- [What needs to be done]: Among the entries below, only the lines from the one with "LM_Tarragona's tweet photo." through the one with "SPIEGELSCHRANK 100/64/20 cm" are wanted, reproduced exactly. Pictures are not wanted.

- [Available records]:
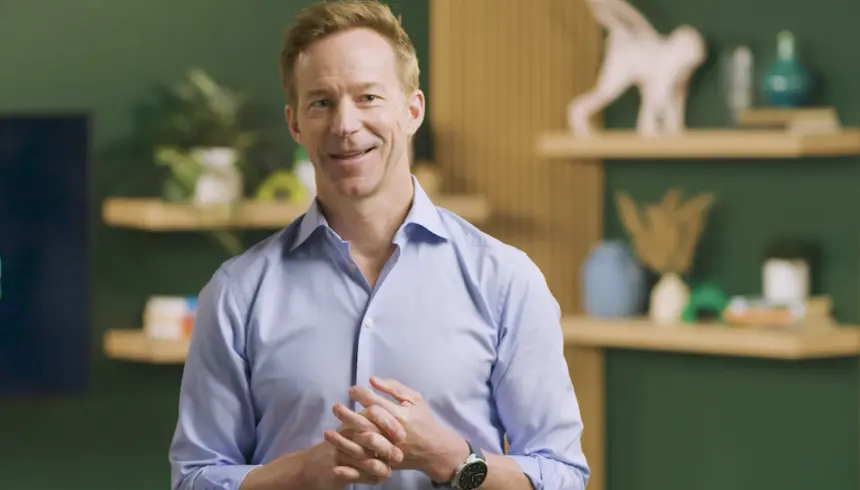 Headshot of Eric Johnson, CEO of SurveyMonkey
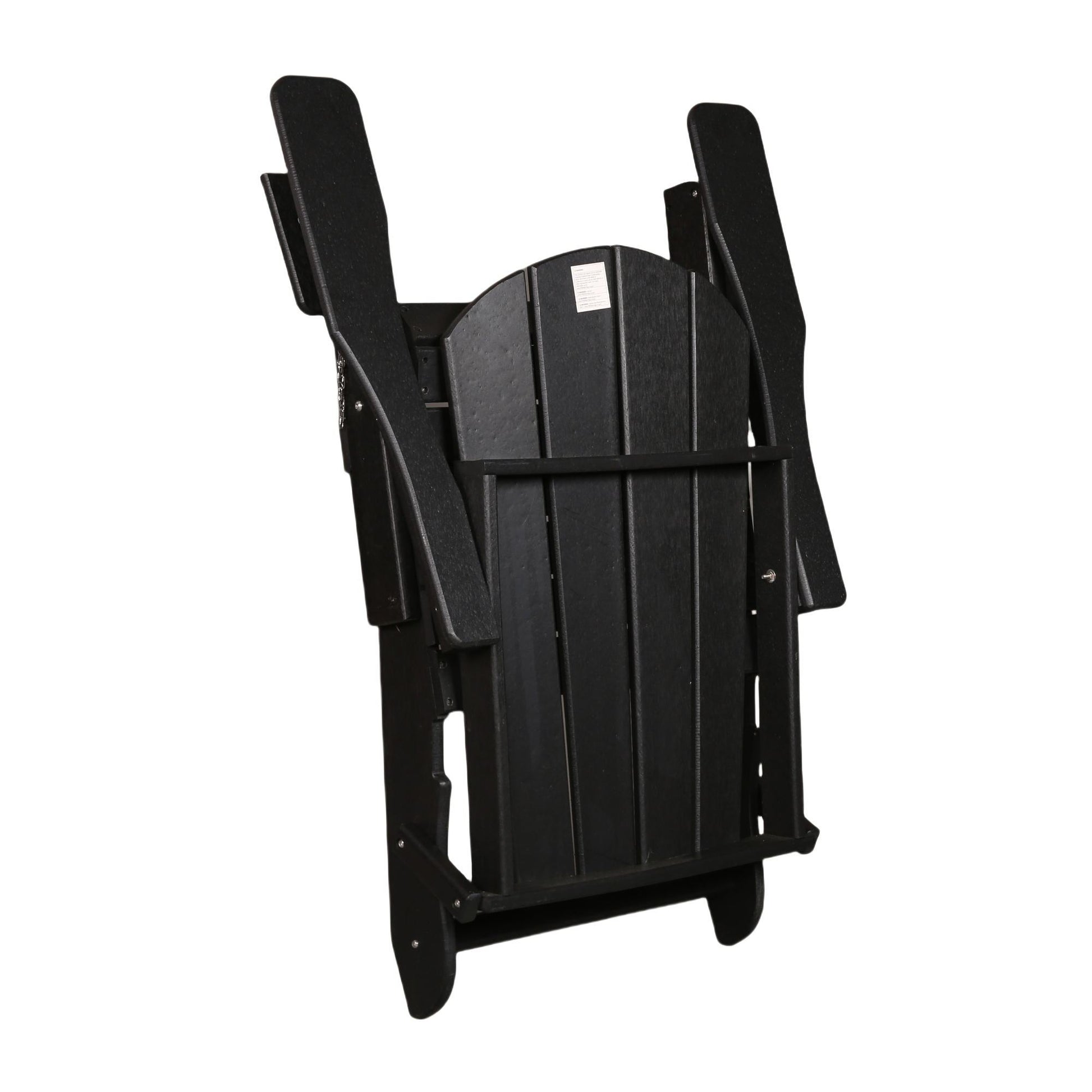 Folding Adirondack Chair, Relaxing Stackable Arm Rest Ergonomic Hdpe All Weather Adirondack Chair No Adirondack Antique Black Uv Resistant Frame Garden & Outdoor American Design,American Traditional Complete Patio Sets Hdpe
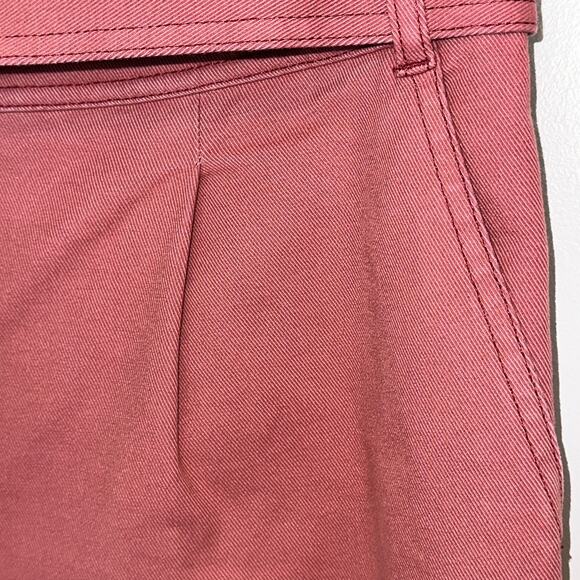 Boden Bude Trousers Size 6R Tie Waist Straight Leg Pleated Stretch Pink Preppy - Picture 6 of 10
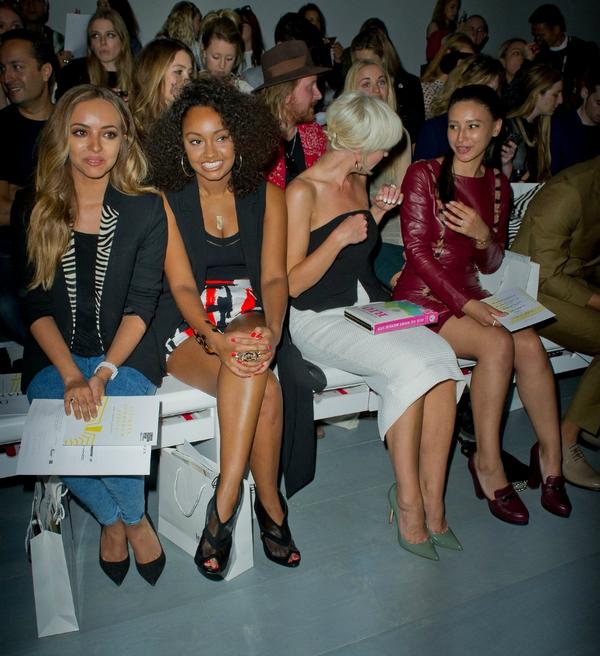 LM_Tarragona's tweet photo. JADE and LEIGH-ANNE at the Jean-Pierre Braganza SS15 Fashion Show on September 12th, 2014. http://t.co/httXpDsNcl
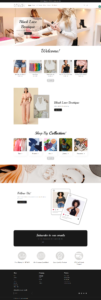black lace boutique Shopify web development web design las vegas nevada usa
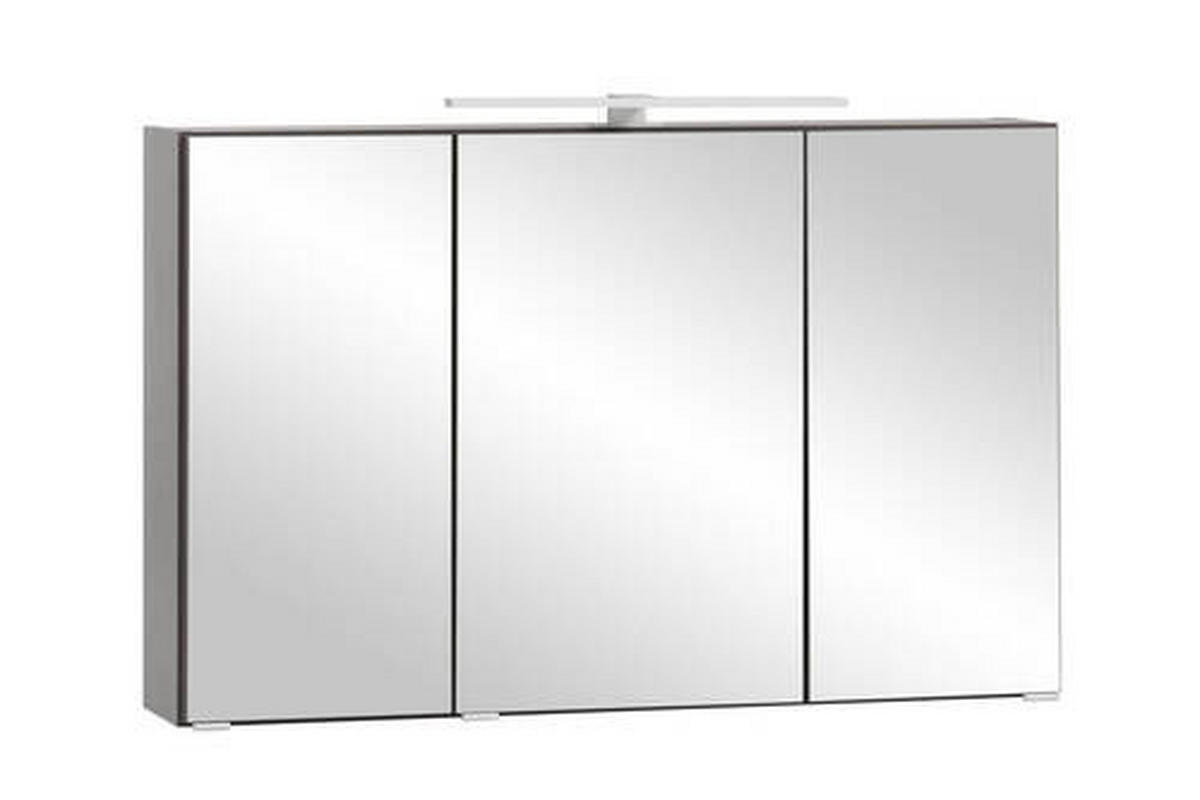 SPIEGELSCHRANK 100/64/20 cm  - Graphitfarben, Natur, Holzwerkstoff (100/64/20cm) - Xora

==

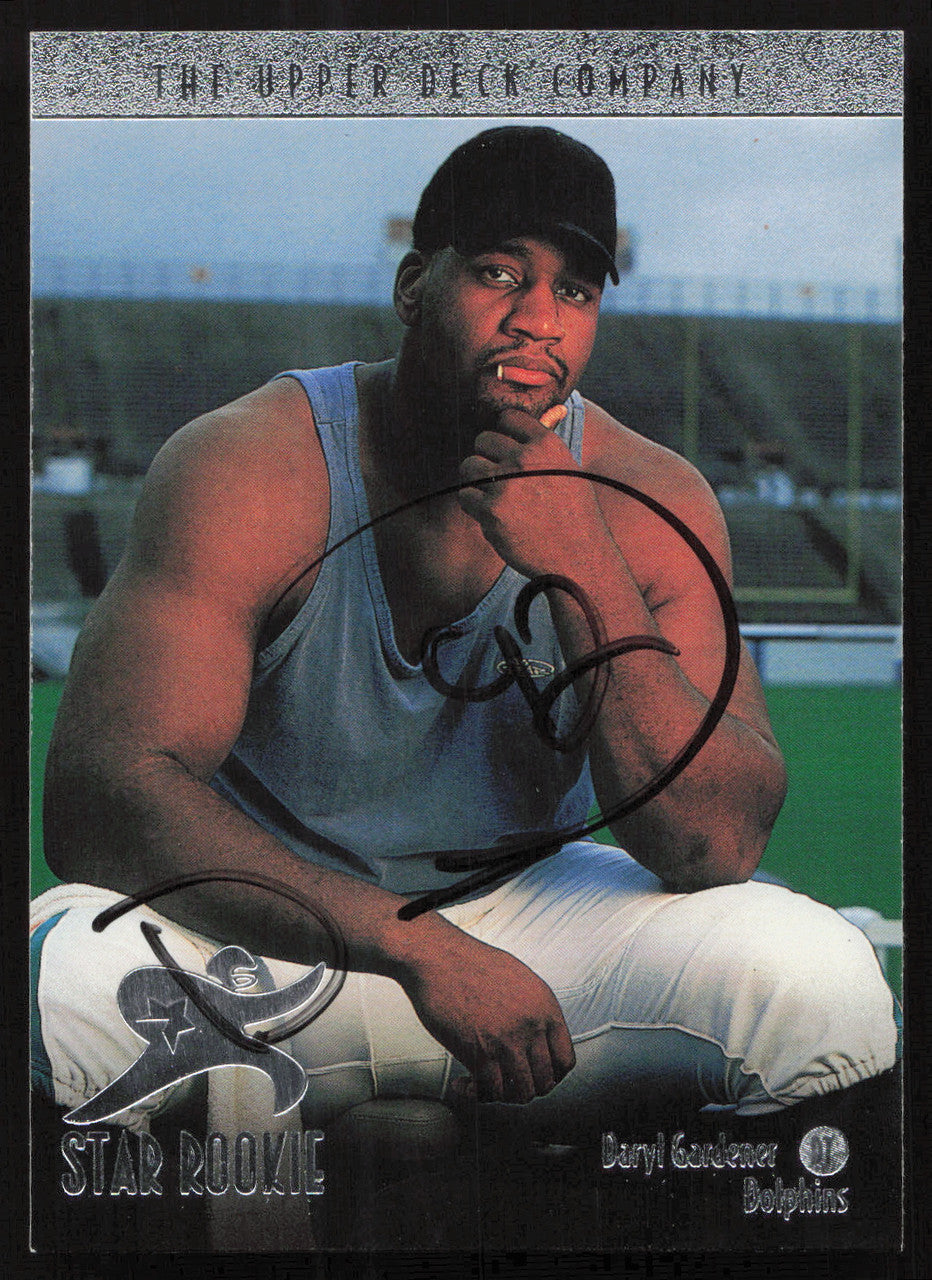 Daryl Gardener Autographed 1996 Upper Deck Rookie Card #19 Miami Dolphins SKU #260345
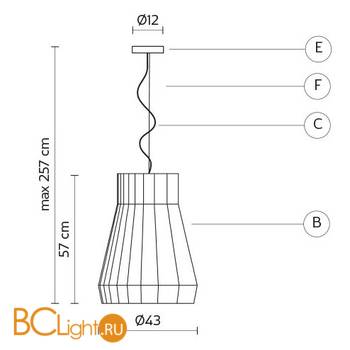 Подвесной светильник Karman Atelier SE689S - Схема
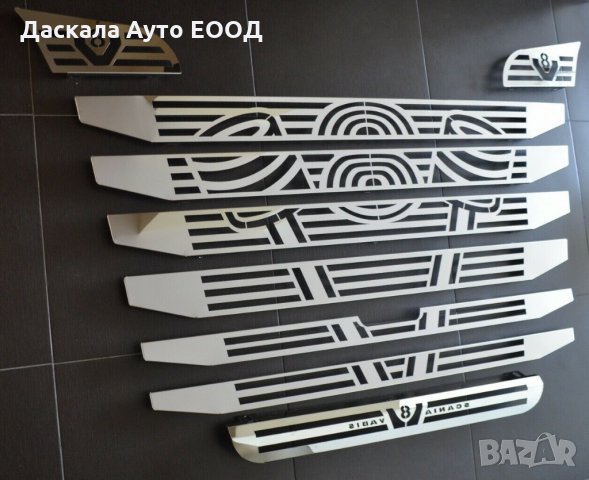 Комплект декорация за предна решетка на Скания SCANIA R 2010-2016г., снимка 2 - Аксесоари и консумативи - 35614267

- [Solution to this exercise]:
 LM_Tarragona's tweet photo. JADE and LEIGH-ANNE at the Jean-Pierre Braganza SS15 Fashion Show on September 12th, 2014. http://t.co/httXpDsNcl
black lace boutique Shopify web development web design las vegas nevada usa
 SPIEGELSCHRANK 100/64/20 cm  - Graphitfarben, Natur, Holzwerkstoff (100/64/20cm) - Xora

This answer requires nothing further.